++++ Records for this exercise ++++

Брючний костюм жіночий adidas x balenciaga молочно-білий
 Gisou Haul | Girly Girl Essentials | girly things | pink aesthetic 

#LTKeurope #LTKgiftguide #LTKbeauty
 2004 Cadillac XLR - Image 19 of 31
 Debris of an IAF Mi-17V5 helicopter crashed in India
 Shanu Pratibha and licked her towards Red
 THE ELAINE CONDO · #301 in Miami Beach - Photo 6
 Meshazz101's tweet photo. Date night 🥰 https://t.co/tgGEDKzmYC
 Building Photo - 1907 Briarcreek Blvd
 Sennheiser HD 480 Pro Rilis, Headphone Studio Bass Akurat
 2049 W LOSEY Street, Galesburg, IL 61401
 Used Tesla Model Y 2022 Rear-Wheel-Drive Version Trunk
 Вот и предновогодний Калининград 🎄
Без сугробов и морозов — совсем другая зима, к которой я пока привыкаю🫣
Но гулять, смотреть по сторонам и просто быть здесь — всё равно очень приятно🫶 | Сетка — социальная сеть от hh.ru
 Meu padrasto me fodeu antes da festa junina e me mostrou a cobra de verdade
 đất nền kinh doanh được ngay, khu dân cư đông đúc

++++

**Exercise requirements:**
Nothing but the lines from the one that contains "Meshazz101's tweet photo." through the end of the data above should appear, each reproduced exactly.

**Output of the task:**
 Meshazz101's tweet photo. Date night 🥰 https://t.co/tgGEDKzmYC
 Building Photo - 1907 Briarcreek Blvd
 Sennheiser HD 480 Pro Rilis, Headphone Studio Bass Akurat
 2049 W LOSEY Street, Galesburg, IL 61401
 Used Tesla Model Y 2022 Rear-Wheel-Drive Version Trunk
 Вот и предновогодний Калининград 🎄
Без сугробов и морозов — совсем другая зима, к которой я пока привыкаю🫣
Но гулять, смотреть по сторонам и просто быть здесь — всё равно очень приятно🫶 | Сетка — социальная сеть от hh.ru
 Meu padrasto me fodeu antes da festa junina e me mostrou a cobra de verdade
 đất nền kinh doanh được ngay, khu dân cư đông đúc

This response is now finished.